France has elevated gastronomy into an art form.  Effortlessly, the relationships between the culinary canvas, traditions and culture are ever so present in Dijon and Burgundy.  Every autumn, Dijon organizes and presents its International Gastronomy Fair.  This year the fair started on October 31st and will proceed until the 11th of November.  Each year, they invite a country as a valued guest and this year the honor went to South Africa.  In particularly, the wines from the West Cape region displayed proudly in a section of the Vinidivio salon.  Educational talks and discussions on the 3 centuries of viniculture and oenology history of South African wines from the West Cape region were also in the agenda.

The outdoor and indoor markets in the center of the city of Dijon also represent well the gastronomic possibilities of the region.  The location is not far from Notre Dame Cathedral where its gargoyles stare ferociously at Dijon’s luscious market. Also close by is the Place François Rude (or du Barezai).  Historically, the town council decided to build in 1868 a “modern” covered market.  A contest ensued and the design that the dijonnais Gustave Eiffel’s (famous & innovative engineer/Eiffel Tower Paris & Statue of Liberty, US) firm had proposed was found to be the most interesting.  Nonetheless, Eiffel was called to the Franco-Prussian war (or the war of 1870). Therefore, the final blueprints and designs for the structure were drawn by architect Louis-Clément Weinberger in 1869. He used a classic architecture style and modelled the Dijon indoor market after the Parisian “Les Halles.” The market was completed around 1875.  A renovation to bring the market into current health, safety and comfort standards proceeded in 1994. Yet, Eiffel’s signature iron columns and the classic architecture of Weinberger continue to sustain this marvelous structure. The Dijon market is open: Tuesday (7h – 13h30); Thursday (7h30 – 13h/not all stalls are open on Th); Friday and Saturday (6h30 – 13h30).
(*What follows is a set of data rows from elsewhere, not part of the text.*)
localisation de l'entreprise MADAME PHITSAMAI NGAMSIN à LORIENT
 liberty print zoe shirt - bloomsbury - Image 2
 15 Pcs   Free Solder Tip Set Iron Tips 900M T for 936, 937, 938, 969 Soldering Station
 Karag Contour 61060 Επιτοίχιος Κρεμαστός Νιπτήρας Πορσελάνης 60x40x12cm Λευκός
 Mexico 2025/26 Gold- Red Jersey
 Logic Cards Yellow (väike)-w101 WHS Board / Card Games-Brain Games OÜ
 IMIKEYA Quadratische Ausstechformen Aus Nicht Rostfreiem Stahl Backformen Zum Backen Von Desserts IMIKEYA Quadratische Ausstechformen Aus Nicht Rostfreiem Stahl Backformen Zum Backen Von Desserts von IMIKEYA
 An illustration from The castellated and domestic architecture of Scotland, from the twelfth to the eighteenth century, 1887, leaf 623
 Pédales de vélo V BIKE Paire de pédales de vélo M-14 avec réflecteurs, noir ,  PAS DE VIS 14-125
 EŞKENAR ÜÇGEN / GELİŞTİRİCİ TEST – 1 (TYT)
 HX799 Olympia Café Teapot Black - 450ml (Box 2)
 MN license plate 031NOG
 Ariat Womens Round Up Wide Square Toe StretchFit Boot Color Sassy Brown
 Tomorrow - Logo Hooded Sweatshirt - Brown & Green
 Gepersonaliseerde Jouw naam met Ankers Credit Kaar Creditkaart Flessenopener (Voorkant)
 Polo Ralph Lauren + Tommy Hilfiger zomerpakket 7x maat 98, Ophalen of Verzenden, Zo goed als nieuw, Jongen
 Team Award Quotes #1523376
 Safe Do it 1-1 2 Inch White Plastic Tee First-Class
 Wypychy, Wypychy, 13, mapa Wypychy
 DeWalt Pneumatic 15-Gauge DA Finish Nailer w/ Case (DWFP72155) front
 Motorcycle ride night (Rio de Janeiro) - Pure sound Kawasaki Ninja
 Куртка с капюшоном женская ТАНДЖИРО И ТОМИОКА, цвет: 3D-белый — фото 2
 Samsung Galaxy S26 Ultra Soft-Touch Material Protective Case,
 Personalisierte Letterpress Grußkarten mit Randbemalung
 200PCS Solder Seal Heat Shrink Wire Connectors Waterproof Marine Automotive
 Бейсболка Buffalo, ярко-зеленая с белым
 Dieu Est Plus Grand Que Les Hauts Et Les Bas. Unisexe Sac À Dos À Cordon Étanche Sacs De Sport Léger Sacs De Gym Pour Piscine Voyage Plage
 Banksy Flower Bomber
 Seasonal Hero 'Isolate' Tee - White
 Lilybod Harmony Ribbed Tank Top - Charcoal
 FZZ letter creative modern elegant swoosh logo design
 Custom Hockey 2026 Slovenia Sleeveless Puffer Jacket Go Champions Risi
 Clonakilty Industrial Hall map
Still, the Dijon market is so much more than a beautiful edifice! The composition of colors, smells, tastes and the vivaciousness of the proprietors create a scenic quotidian watercolor painting that is both alluring and blissful.  There are fresh meats, fish, mollusc, crustaceans, multiple types of olives, oils, dried sausages, cheeses, honey, fruits, vegetables, legumes, breads, and as of this date, I am still discovering new products. On market days, the indoor market is encircled by a lively outdoor market, with independent stalls.  Little specialty shops flourish along bordering streets with all kinds of commodities from food to clothing, antiques, marvelous used books and ancient post cards.  Fittingly, I loose myself into fairyland at least for a couple of hours on market days.

What I have also discovered is that the proprietors in general welcome new customers with fine etiquette and “politesse.”  Still, the most reassuring feeling is when you start buying from the same vendor every week. Then they masterfully win your heart with: “…I thought of you Madame, and I think you would love to try our new…etc…”  Yes, they learn your tastes and really think of you!  Furthermore, it is so refreshing to me that they are experts when it comes to their products.  They will take time to explain to you the best way to eat or cook a particular item; they will also ask when do you intend to cook or eat the product, then they will pick for example the most appropriate product for your evening gathering. And it works well every time!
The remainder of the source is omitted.